Из всей массы персонажей, населяющих чеховскую пьесу, в спектакле Эйфмана выделена четверка главных героев, а действие перенесено в балетный зал. Неофит Константин Треплев (Дмитрий Фишер) тщетно пытается обратить балетное сообщество в ярых приверженцев танца модерн. Метания между классикой и модерном выпускницы Нины Заречной (Мария Абашова) усугубляются ее виражами между молельной (репетиционный класс) и будуаром. Прима Аркадина (Нина Змиевец) тоже не прочь пометаться по будуарам, но классике, в отличие от Заречной, не изменяет. Завсегдатай будуаров "модный хореограф" Тригорин (Юрий Смекалов, танцовщик, о котором могут только мечтать академические театры с классическим репертуаром) неприлично юн (выглядит ровесником Треплева, что напрочь снимает декларируемый Эйфманом конфликт поколений) и талантлив — "сочиненные" им композиции на премьере вызвали бурные аплодисменты зала.

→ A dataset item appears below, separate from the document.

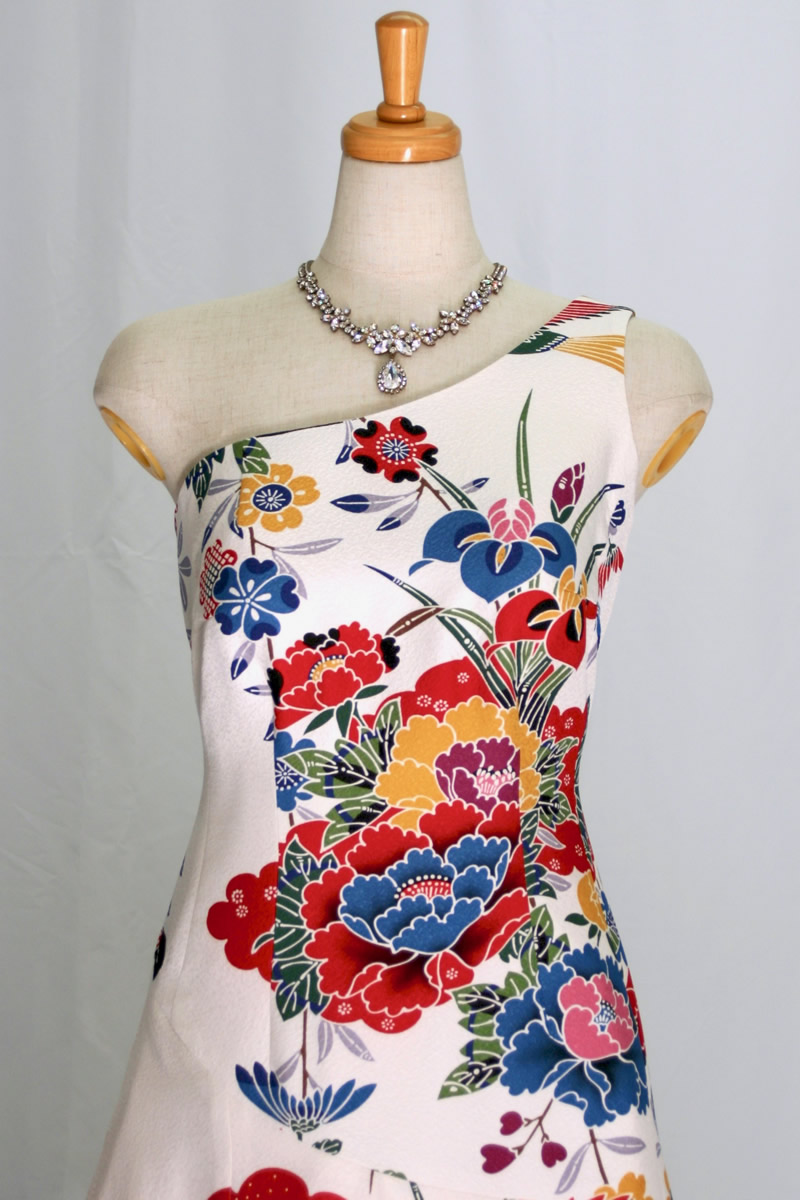 着物ドレス 2222一点物の正絹着物ドレス【着物ドレス 着物リメイク パーティー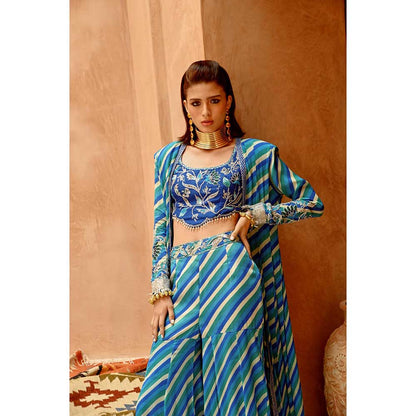 PALLAVI JAIPUR Blue Indi-Leheriya Kallidar Jacket with Sharara and Scallop Crop Top (Set of 3)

Перед эйфмановской "Анной Карениной", я помню, волновались: "А будет ли паровоз?". На "Чайке" такой же вопрос вызывал монолог про людей, птиц, львов и куропаток. Господин Эйфман на пресс-конференции загадочно улыбался, обещая, что никаких птичьих тушек никто не увидит. Тушек действительно не было. Зато было дано пластическое воплощение фразы "Ужас... ужас... ужас...". Нечто бесформенное (помесь улитки, динозавра и курицы) извивалось, ползало, поглощая все новые и новые жертвы, а рыдающая Бессмертная душа (Заречная в серебристом комбинезончике, делавшем ее похожей на сперматозоид из комедии Вуди Аллена) с ученической тщательностью воспроизводила комбинации "ниспровергателя" классических устоев Треплева. Действительно ужас.
Кстати, борьба Треплева против засилья банальностей также решена через систему пластических символов — и это единственный ребус господина Эйфмана в "Чайке". Балет начинается и заканчивается одной и той же сценой: Константин сидит в замкнутом кубе, пытаясь раздвинуть его грани. Вначале это ему удается. Однако в финале, потерпев фиаско в продвижении идей, Треплев залезает во взломанную было им конструкцию, любовно возвращает грани на прежние места и, скрючившись, успокаивается. Вывод: классика вечна.
Что же до столь разрекламированного перед премьерой хип-хопа, который артисты разучили со специально выписанным из Парижа виртуозом этого направления Slyde, то большого эффекта он не произвел. Куда больше запомнилось моральное падение Заречной, танцующей на столе перед пьяной публикой умирающего лебедя.